America’s Essential Hospitals, along with more than 30 other health care organizations, submitted comments Feb. 6 to the Centers for Medicare & Medicaid Services (CMS) on the Medicare Shared Savings Program (MSSP) proposed rule. The organizations’ recommendations are intended to ensure the long-term sustainability of the MSSP and include the following:
- Strengthen the guidance around the assignment of Medicare beneficiaries.
- Establish greater balance between risk and reward for participating accountable care organizations (ACOs).
- Adopt payment waivers for all ACOs to eliminate barriers to care coordination.
- Modify current benchmark methodology.
- Provide better and more timely data to participating ACOs.
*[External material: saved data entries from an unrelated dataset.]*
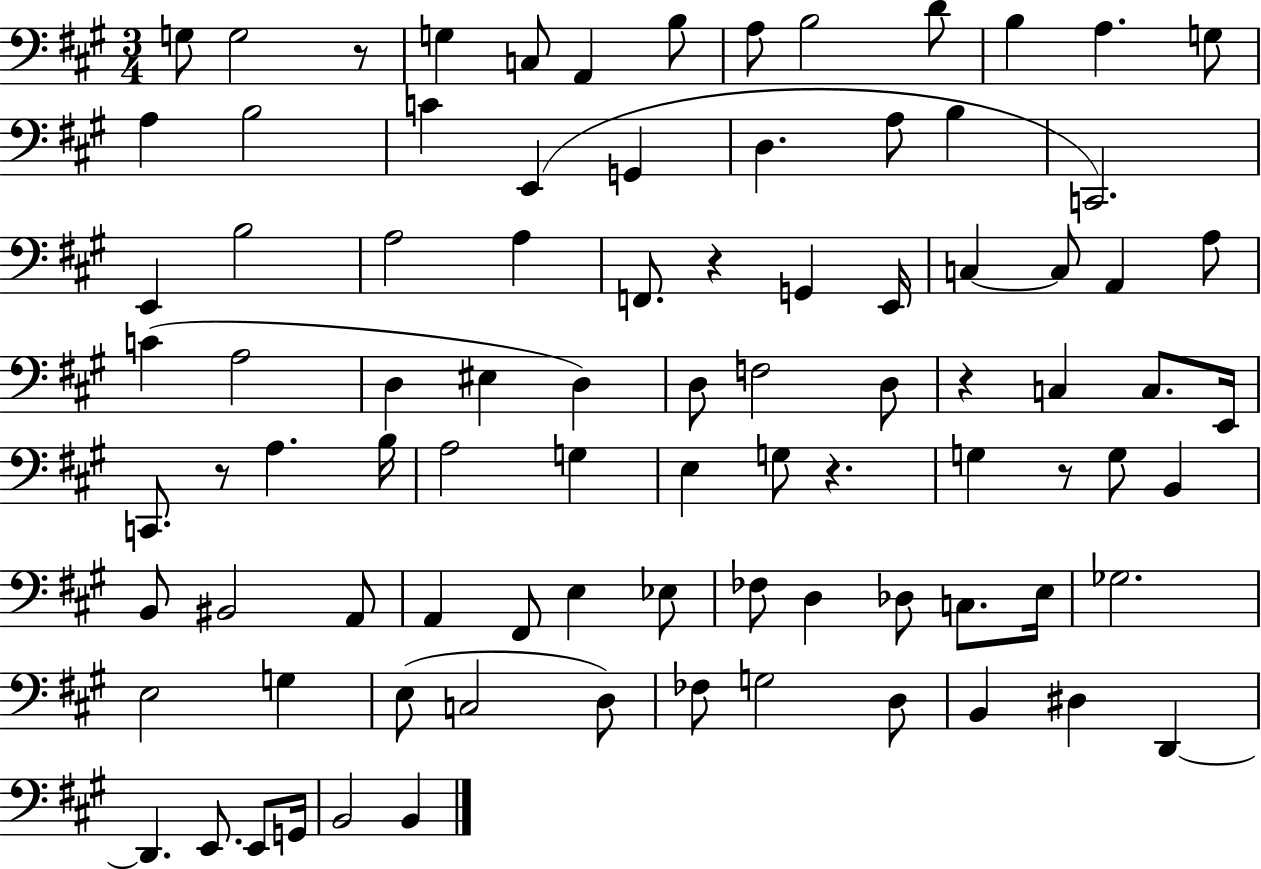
{
  \clef bass
  \numericTimeSignature
  \time 3/4
  \key a \major
  g8 g2 r8 | g4 c8 a,4 b8 | a8 b2 d'8 | b4 a4. g8 | \break a4 b2 | c'4 e,4( g,4 | d4. a8 b4 | c,2.) | \break e,4 b2 | a2 a4 | f,8. r4 g,4 e,16 | c4~~ c8 a,4 a8 | \break c'4( a2 | d4 eis4 d4) | d8 f2 d8 | r4 c4 c8. e,16 | \break c,8. r8 a4. b16 | a2 g4 | e4 g8 r4. | g4 r8 g8 b,4 | \break b,8 bis,2 a,8 | a,4 fis,8 e4 ees8 | fes8 d4 des8 c8. e16 | ges2. | \break e2 g4 | e8( c2 d8) | fes8 g2 d8 | b,4 dis4 d,4~~ | \break d,4. e,8. e,8 g,16 | b,2 b,4 | \bar "|."
}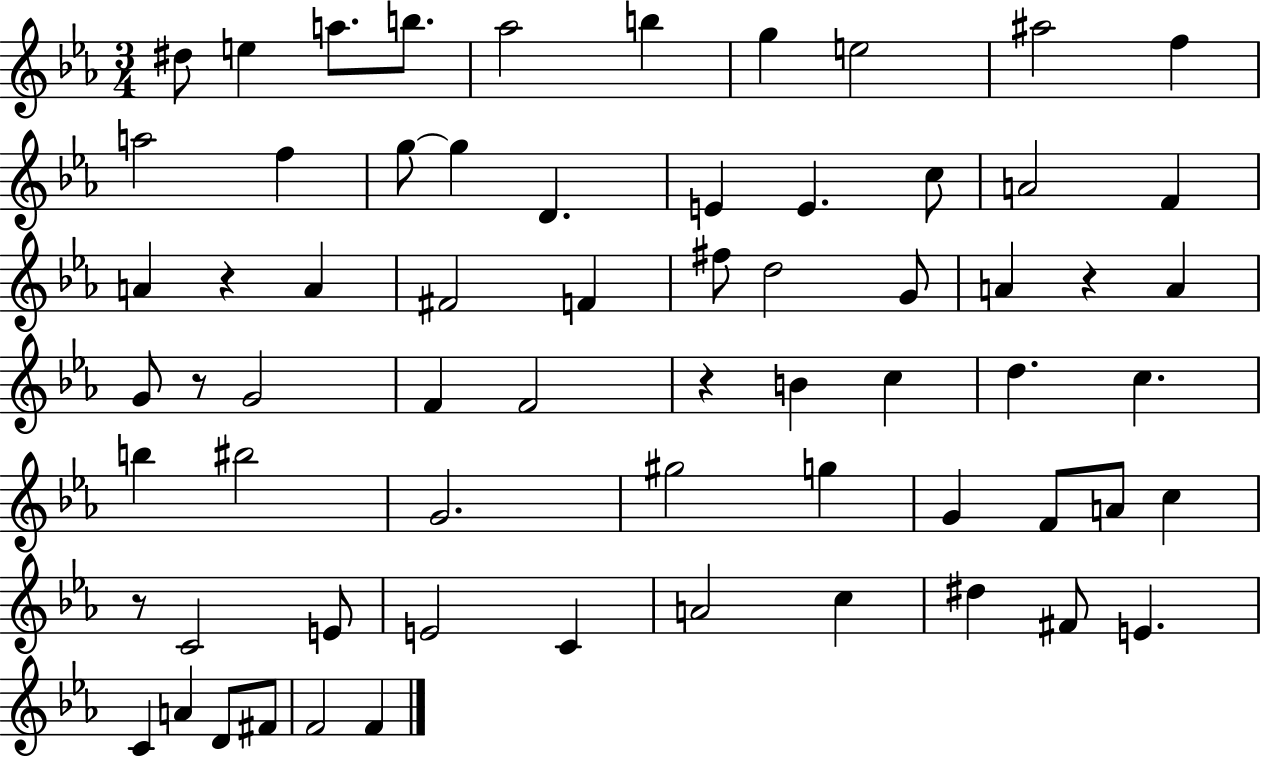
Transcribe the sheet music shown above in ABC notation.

X:1
T:Untitled
M:3/4
L:1/4
K:Eb
^d/2 e a/2 b/2 _a2 b g e2 ^a2 f a2 f g/2 g D E E c/2 A2 F A z A ^F2 F ^f/2 d2 G/2 A z A G/2 z/2 G2 F F2 z B c d c b ^b2 G2 ^g2 g G F/2 A/2 c z/2 C2 E/2 E2 C A2 c ^d ^F/2 E C A D/2 ^F/2 F2 F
The letter emphasized the fact that the MSSP currently places too much risk and burden on providers with too little opportunity for reward in the form of shared savings. Performance data from the first year of implementation show that only 26 percent of MSSP ACOs received a shared savings payment from CMS.
The MSSP aims to facilitate coordination and cooperation among providers to improve the quality of care for Medicare fee-for-service beneficiaries and reduce growth in health care costs. Eligible providers participate in this program by creating or joining ACOs, through which they can share savings with Medicare when they demonstrate efficient care delivery and meet quality performance benchmarks.